バスはやめてタクシーに乗ることにした

 すると突然、色の黒い精悍な青年が私の前にあらわれ、空港まで行くのかと私に聞く。いい同乗者があらわれたと思い、いろいろと話をすると、実はタクシーの運転手で、「バス代がいくらかかるかわからないが、安くしてあげるから乗らないか」と言う。「バス代は13ドルなんだけど」と言うと、「それならタクシー代10ドルでどうだ」と言うので、了解する。一瞬、この変な酔っ払いとグルで、身包みはがれることもあるかなと思ったが、この精悍な青年、映画スターのような風貌であるし、信頼できそうだった。

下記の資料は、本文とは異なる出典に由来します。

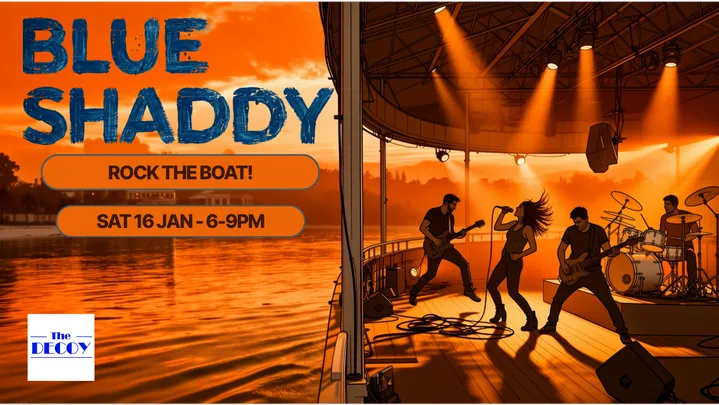 Blue Shaddy SUNSET RIVER CRUISE - Saturday 16 Jan 6-9PM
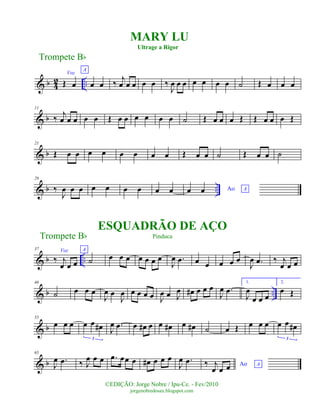 & b 42 ..
Voz
Œ œ
A
œ œ ‰
j
œ œ œ œ œ ‰
J
œ œ œ œ œ œ œ ˙ Œ œ œ œ
& b
11
‰
j
œ œ œ œ œ Œ œ œ œ œ œ œ ˙ Œ œ œ œ Œ Œ œ œ œ Œ
& b
21
Œ œ œ œ œ œ œ œ œ Œ œ œ ˙ Œ œ œ ˙
& b ..
29
‰
J
œ œ œ œ œ œ œ œ œ Ao Aœ œ
& b ..
37 Voz
‰ j
œ œ œ
A
˙ œ œ œ œ œ œ œ
J
œ .œ œ œ œ œ œ
J
œ .œ ‰ j
œ œ œ
& b ..
46
˙ œ œ œ
J
œ œ
J
œ œ œ œ œ J
œ œ J
œ œ# œ œ œ
J
œ .œ
1.
J
œ
œ œ œ
2.
œ Œ
& b
55
œ œ œ œ œ œ#
3
J
œ .œ œ œ# œ œ œ# œ œ# ˙ œ Œ œ œ œ œ œ œ#
3
& b
65
J
œ .œ ‰ J
œ œ œ .œ œœ œ œ# œ œ œ
J
œ .œ Ao A‰ j
œ œ œ
Trompete Bb
©EDIÇÃO: Jorge Nobre / Ipu-Ce. - Fev/2010
jorgenobredosax.blogspot.com
MARY LU
Ultrage a Rigor
ESQUADRÃO DE AÇO
PinducaTrompete Bb
 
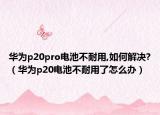 华为p20pro电池不耐用,如何解决?（华为p20电池不耐用了怎么办）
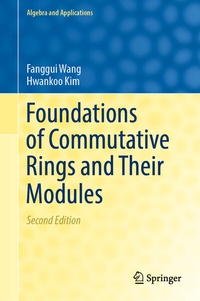 Enlarge image Cover: Foundations of Commutative Rings and Their Modules - Springer
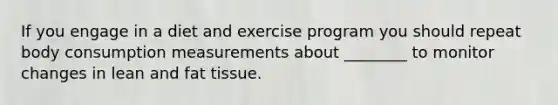 If you engage in a diet and exercise program you should repeat body consumption measurements about ________ to monitor changes in lean and fat tissue.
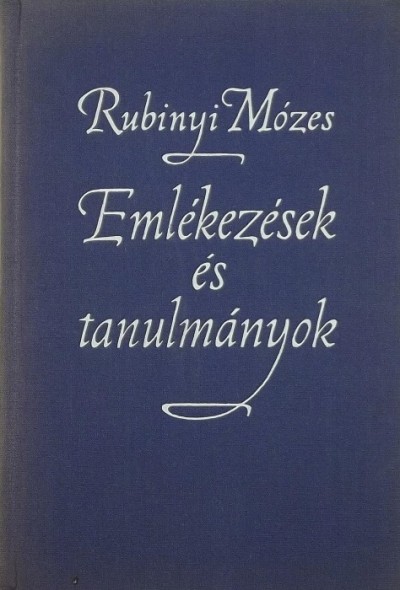Rubinyi Mózes - Emlékezések és tanulmányok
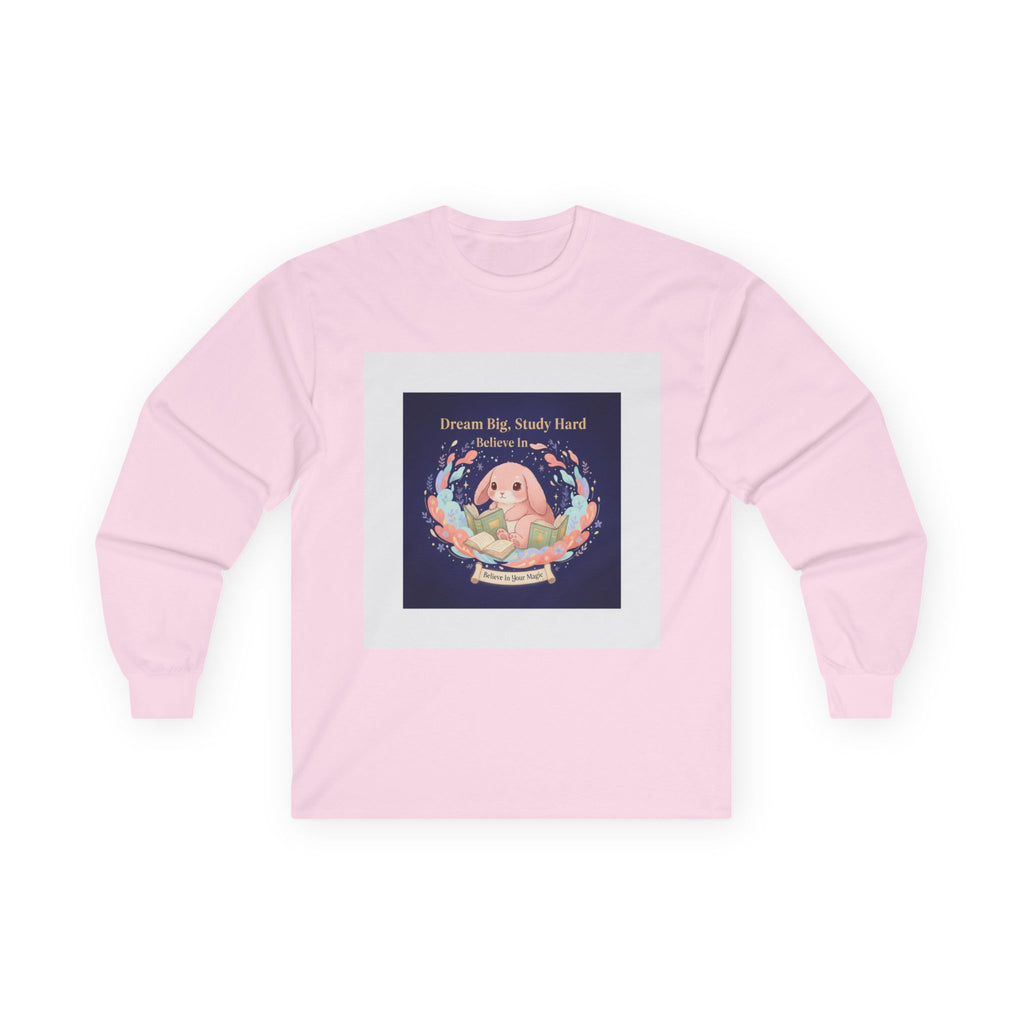 Rabbit Long Sleeve Tee – Dream Big, Study Hard Believe in Believe in Your Magic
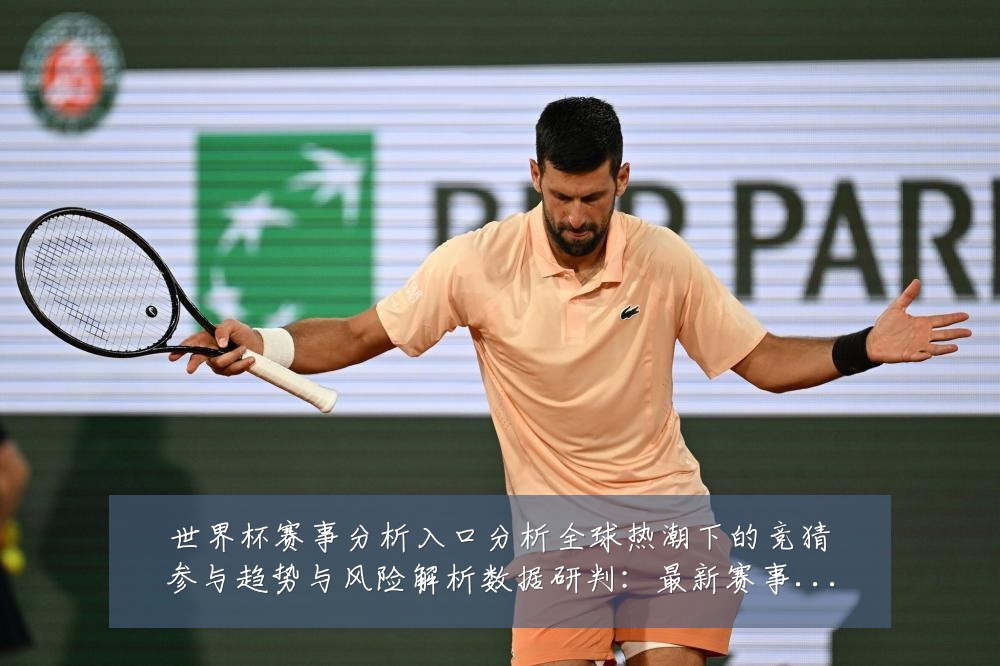 世界杯赛事分析入口分析全球热潮下的竞猜参与趋势与风险解析数据研判:最新赛事动态与深度分析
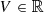 $ V\in\mathbb R $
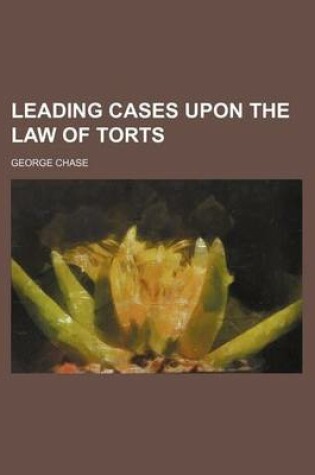 Cover of Leading Cases Upon the Law of Torts
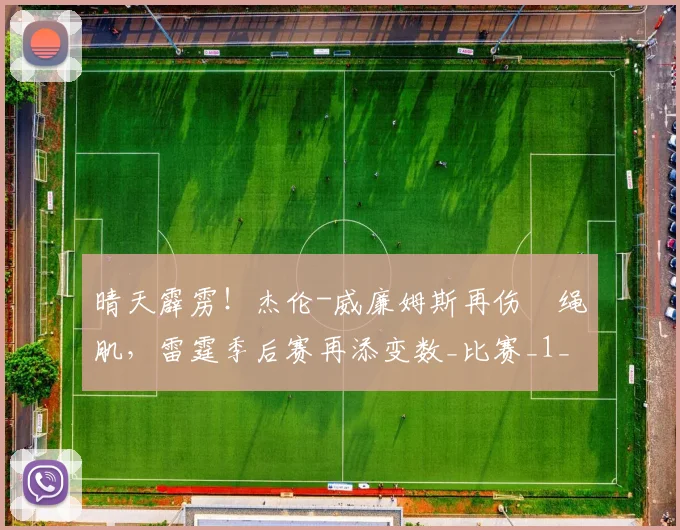 晴天霹雳！杰伦-威廉姆斯再伤腘绳肌，雷霆季后赛再添变数_比赛_1_NBA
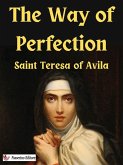 The Way of Perfection (eBook, ePUB) The Way of Perfection (eBook, ePUB)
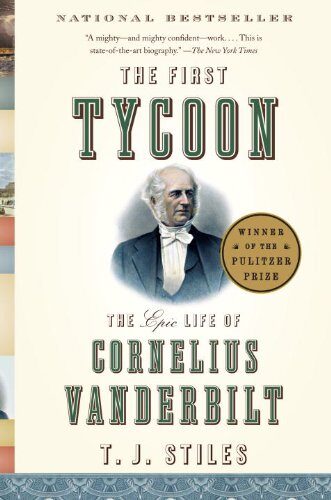 کتاب The First Tycoon: The Epic Life of Cornelius Vanderbilt (Pulitzer Prize Winner) [انگلیسی]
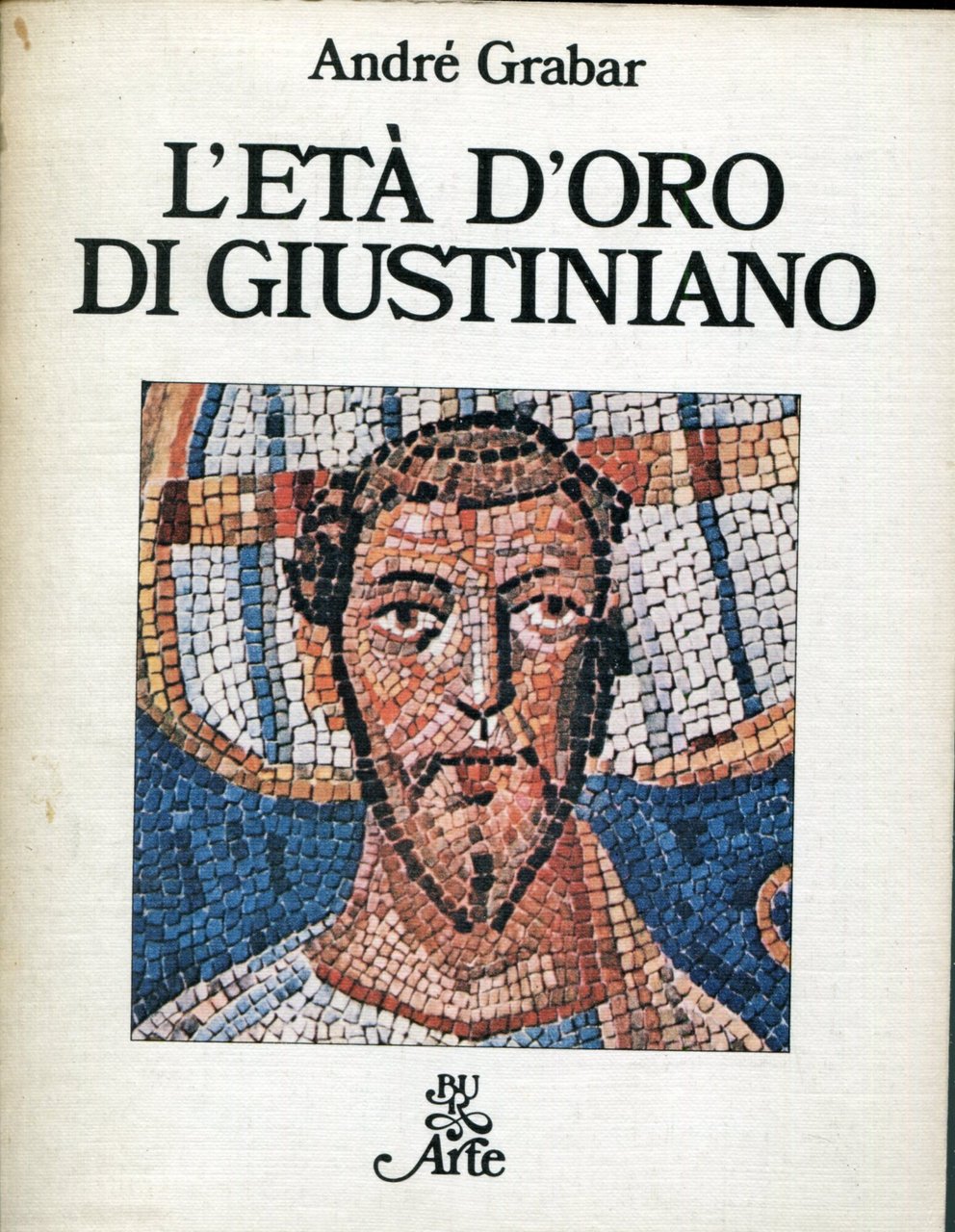 L'età d'oro di Giustiniano : dalla morte di Teodosio all'Islam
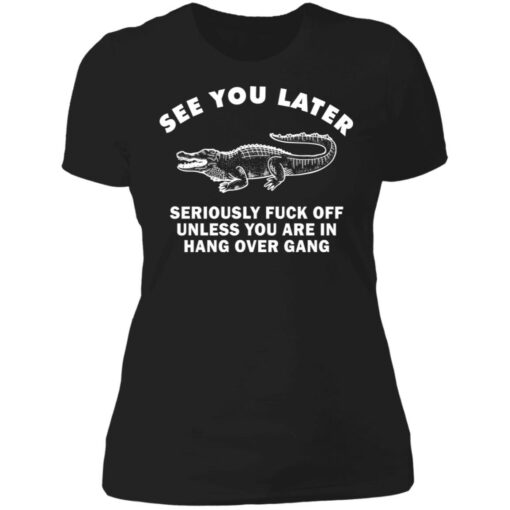 See you later seriously f*ck off unless you are in hang over gang shirt $19.95 redirect06262021230642 8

 青年のタクシーはきれいなコンパクトカーで、運転もスピーディー。東京の渋滞のような状況の道を、流れるように空港に向かう。彼はインドから来たインド人で、ニュージーランドに来て2年、タクシーの仕事を始めて3ヶ月という青年であった。空港近くに住んでいて、今日は仕事をやめにして帰ろうと思っていたところなので、空港に行く客がいればディスカウントでも乗せたほうがいいという判断でバス停に寄ったとのことだった。彼によれば、オークランドの景気は、あまりよくないらしい。
 多少金持ちの日本人にとっては、英語を学んだり、旅行のゲートウェイというところになるけれど、オークランドは、インドやパキスタンからみれば、一大出稼ぎ都市なのだろう。私がサバティカルで一年間休みを取って大学に行くつもりであることや、その他いろいろと話をしたが、なんだか、「経済格差」を感じて話がはずまなくなってしまった。大体、なんで、そんな幸運な日本人が、バスなんか待っていて、酔っ払いにからまれているんだという印象なのかもしれない。10ドルでいいと相手に言われたところ、もともと私はバス代と同じ13ドル払ってやるつもりであった。タクシー代のメーターは50ドルを示していたので、結局わたしは15ドル彼に払ってやった。